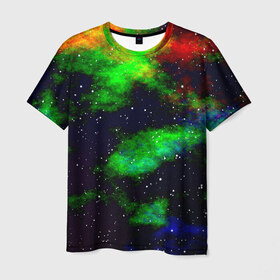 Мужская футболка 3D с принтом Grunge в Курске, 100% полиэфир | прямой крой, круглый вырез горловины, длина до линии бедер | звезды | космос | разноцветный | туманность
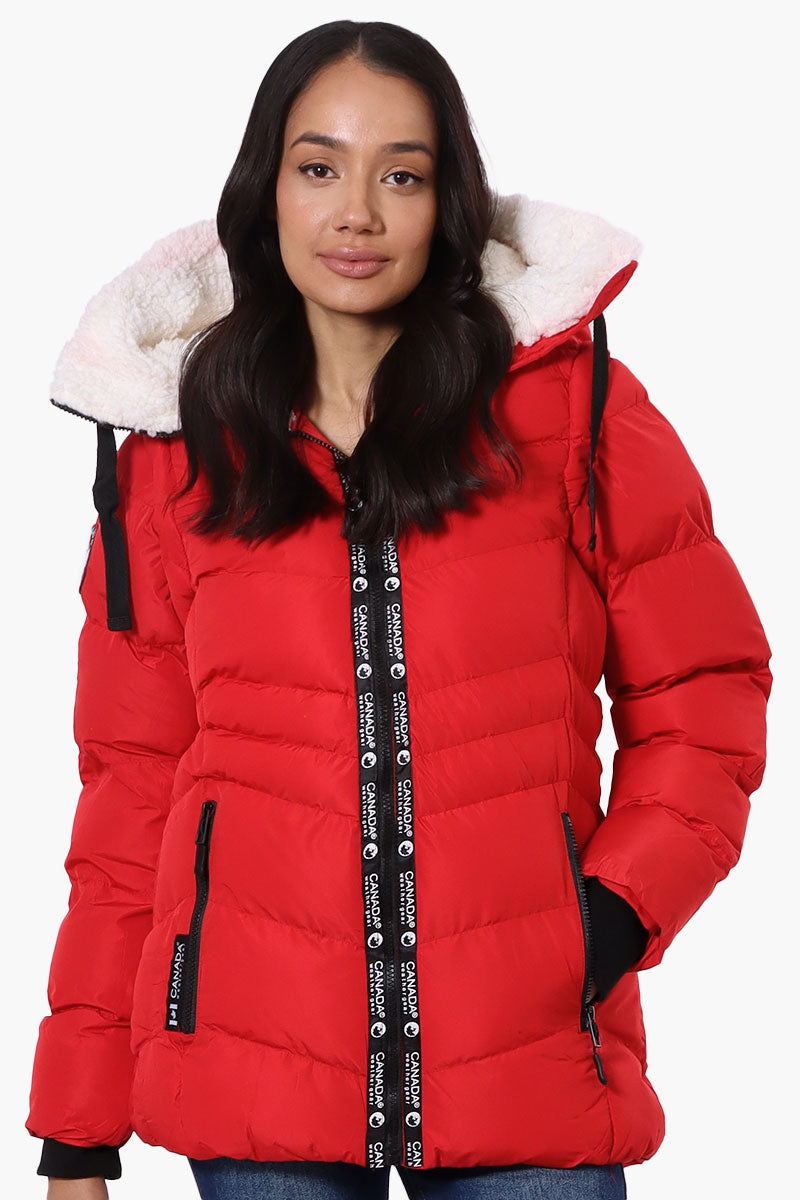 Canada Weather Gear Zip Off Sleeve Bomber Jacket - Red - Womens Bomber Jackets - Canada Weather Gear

--

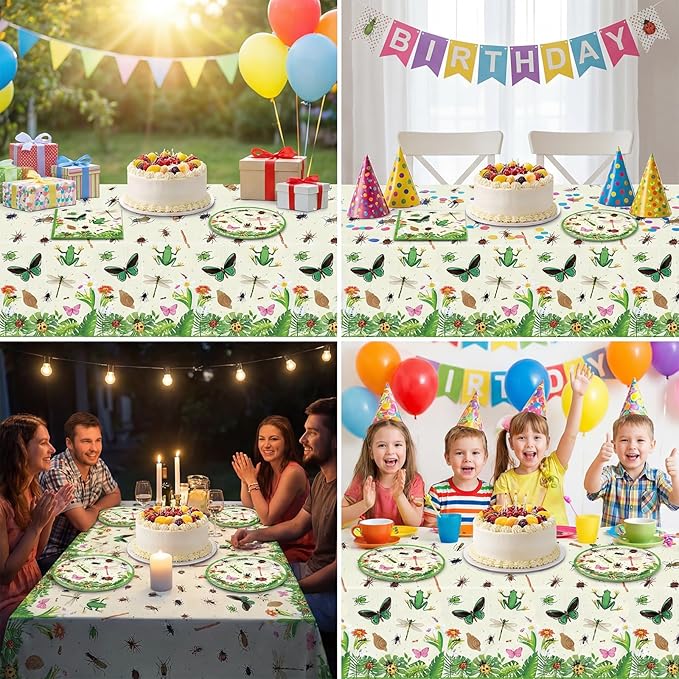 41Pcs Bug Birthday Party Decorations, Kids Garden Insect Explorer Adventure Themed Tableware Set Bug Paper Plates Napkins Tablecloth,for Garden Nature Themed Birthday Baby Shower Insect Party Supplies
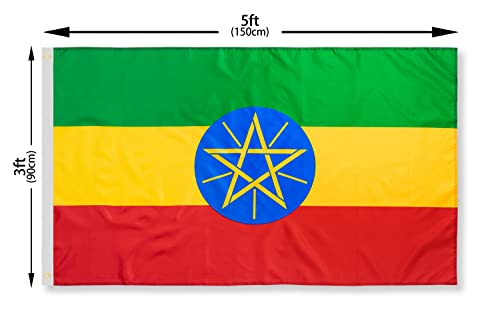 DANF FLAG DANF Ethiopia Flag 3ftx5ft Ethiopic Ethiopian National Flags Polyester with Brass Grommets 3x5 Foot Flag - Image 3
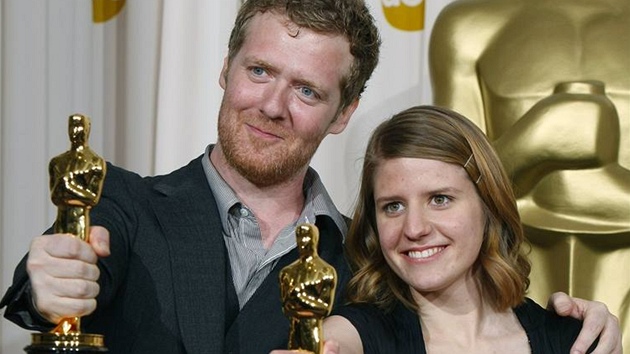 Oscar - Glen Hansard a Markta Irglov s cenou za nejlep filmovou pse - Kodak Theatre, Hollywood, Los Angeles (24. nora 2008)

What is expected =>
When copying from the data above, print only the lines from the line containing "DANF FLAG DANF" to the line containing "Oscar - Glen", exactly, and leave the pictures out.

Solution =>
 DANF FLAG DANF Ethiopia Flag 3ftx5ft Ethiopic Ethiopian National Flags Polyester with Brass Grommets 3x5 Foot Flag - Image 3
 Oscar - Glen Hansard a Markta Irglov s cenou za nejlep filmovou pse - Kodak Theatre, Hollywood, Los Angeles (24. nora 2008)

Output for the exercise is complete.